→ Supplied material:
——

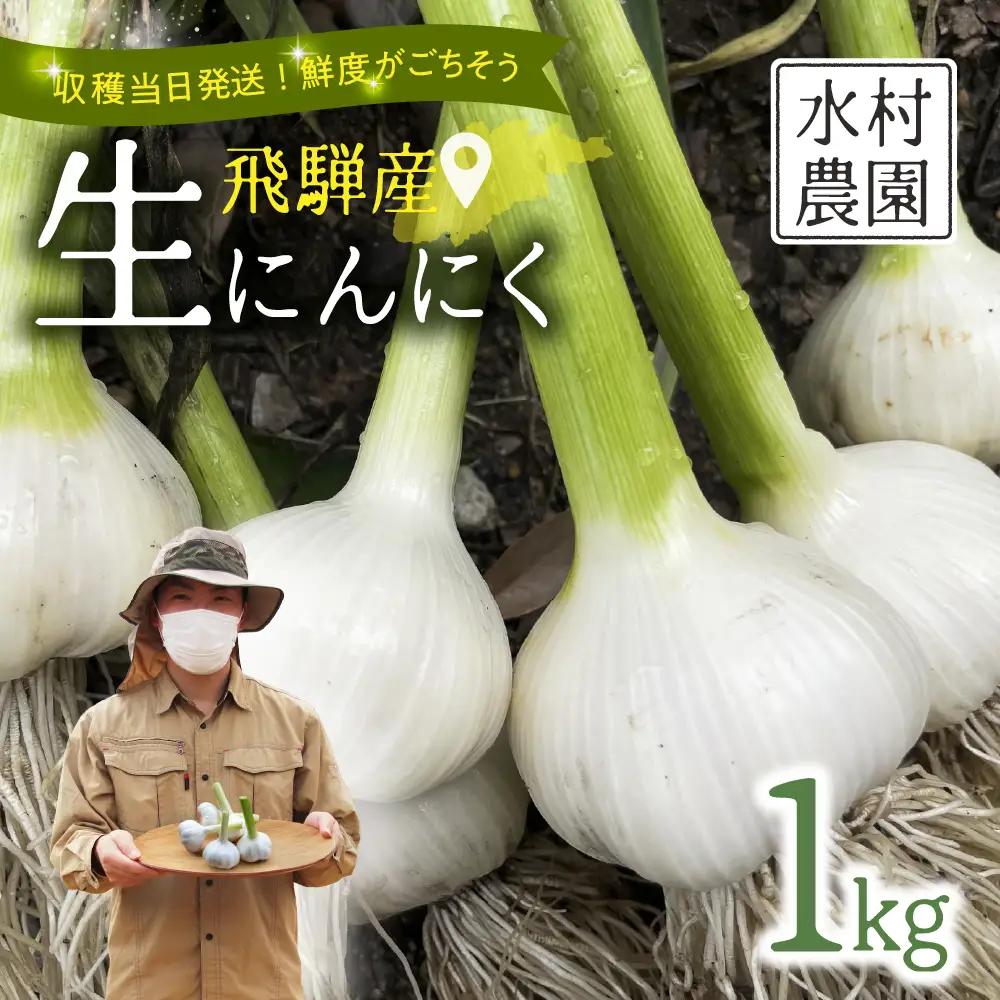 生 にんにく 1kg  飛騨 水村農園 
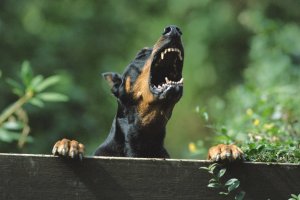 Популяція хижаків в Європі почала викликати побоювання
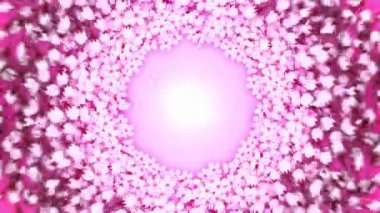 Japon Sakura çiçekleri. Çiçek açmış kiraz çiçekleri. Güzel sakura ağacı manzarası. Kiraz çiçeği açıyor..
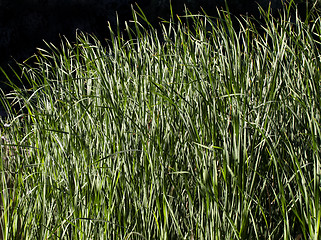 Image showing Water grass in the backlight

——

→ What you will do: Where the data includes pictures, leave them out and write out everything else exactly.

→ Output of the task:
 生 にんにく 1kg  飛騨 水村農園 
 Популяція хижаків в Європі почала викликати побоювання
 Japon Sakura çiçekleri. Çiçek açmış kiraz çiçekleri. Güzel sakura ağacı manzarası. Kiraz çiçeği açıyor..
 Image showing Water grass in the backlight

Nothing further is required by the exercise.